To me that song symbolised the notion of idealism.
By the time I entered junior college, I still had the idealism in me. I still had strong sense of idealism in my thinking - the essays I wrote in school were about how I saw the world, what it could be, what I would do to help make it what it could be, that I would do things my way even if it is hard and it may take me longer. Then I went into university and my world changed...

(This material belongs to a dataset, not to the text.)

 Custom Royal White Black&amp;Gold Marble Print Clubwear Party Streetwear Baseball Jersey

I joined the engineering faculty and it was tough from day one. I feel the tremendous quantity of work, the long lecture and tutorial hours every week and felt worn out by the end of every week. There were many assignments and projects to be completed in tight deadlines. I felt rather overwhelmed. Despite this I persevered but you know what, I lost quite a bit of my idealism in university in that course that I undertook. Slowly but surely I began to adopt the engineering mindset - be practical, be efficient. I no longer could afford to do things my way or spend too much time reflecting and letting myself come to my own conclusion or solution because of the huge number of assignments and tight deadlines for them. Engineering trained me to be analytical and to be comfortable in analysing problems and issues and for that I am grateful.
Idealism is one of three qualities that is required of us if we are to focus on what matters. The other two is intimacy and depth (according to Peter Block, an author whose work I really enjoy reading because he asks the difficult questions that provokes deep and reflective thinking...)

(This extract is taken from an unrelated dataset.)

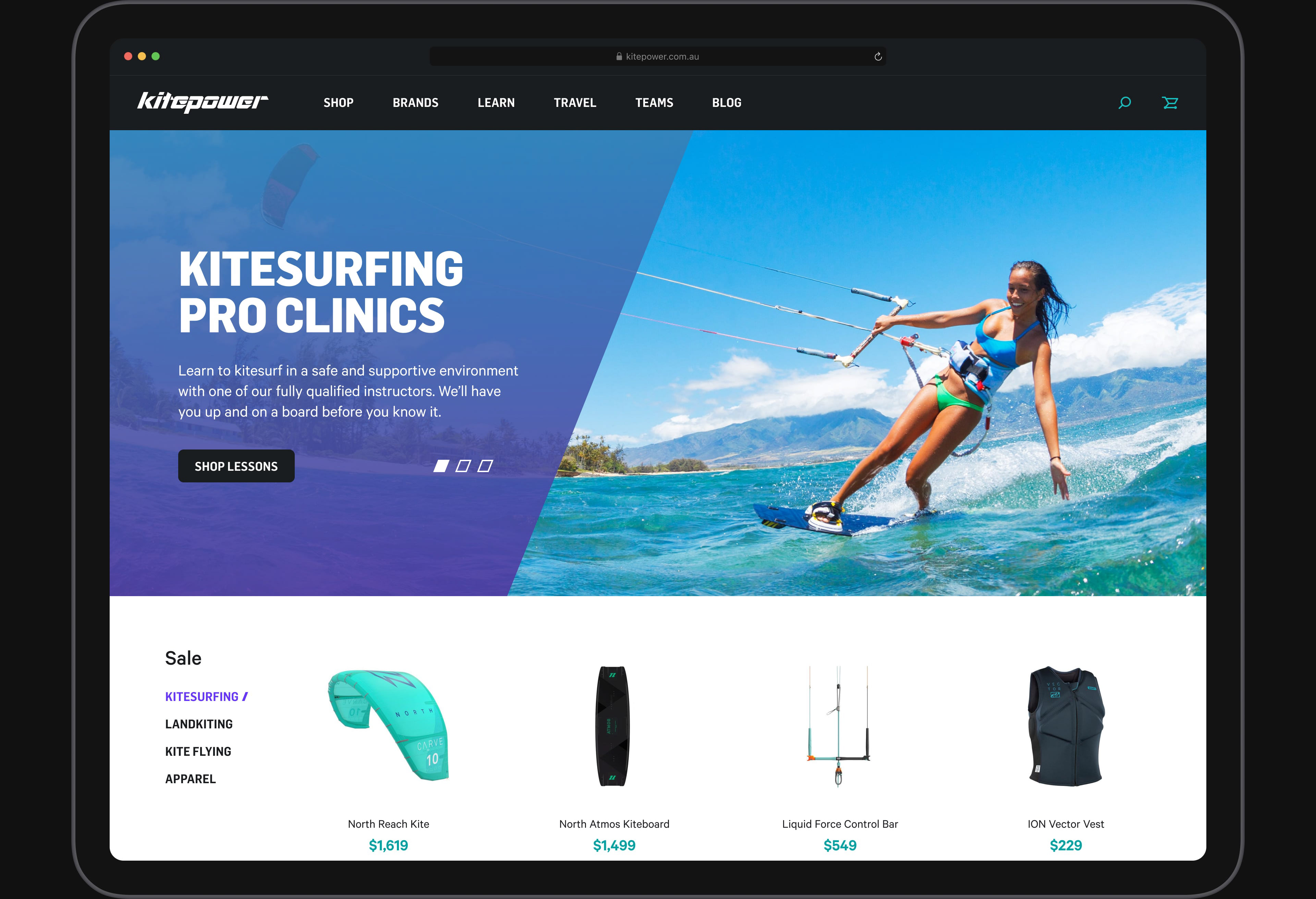 Kitepower website homepage in browser mockup.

Intimacy means personal interaction, face to face time, allowing people to people engagement. Technology increases our isolation yet at the same time promises to overcome it. Peter Block tells of the story of his mother where she used to keep the TV on all the time to try to overcome her loneliness. It didn't. It only made enough noise so that she did not have to really make contact with others who might have offered some genuine comfort.
Depth means going deeper to reflect, instead of going faster. The society now emphasises speed and rewards it. How fast can you go? How efficient can you be? We prefer actions and answers. You hear it all the time in the working place:
We want to have a bias for action
Talk is cheap. Action speaks louder than words
Those who can do, do. Those who can't teach*.

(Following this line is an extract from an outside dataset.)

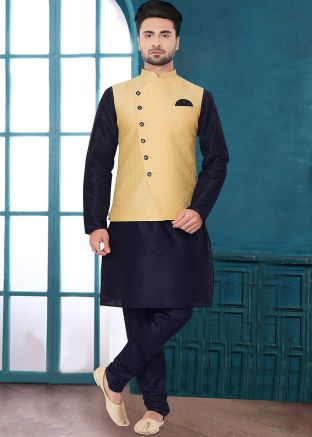Yellow Woven Jacquard Nehru Jacket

I'm not condemning the need to be efficient or the need to take action. Those are needed when it is time to act but before that, we should spend enough time thinking and reflecting before we take the leap. It is a balancing act and the balance is heavily tilted in favour of action in the prevailing culture. Not all things require the depth of reflection. Things that matter to us does. If we want to act on what matters to us, we need to shift our consciousness about pace. If we do not have time to do something, it is a sign that it does not matter. Values that we hold dear will wilt under the pressure of time. It is hard to imagine instant trust, instant justice, instant respect, instant high performing teams, instant reconciliation. If we yield to the temptation of speed, we short circuit our values. This leads to personal disappointment and loss of faith in our attempt to bring our strategies and models into the world...
What are your thoughts? Pls share your comments
* Nothing against teachers or educators - I am one myself :-) The opposing view to that phrase will be another hubpage entry. Stay tuned...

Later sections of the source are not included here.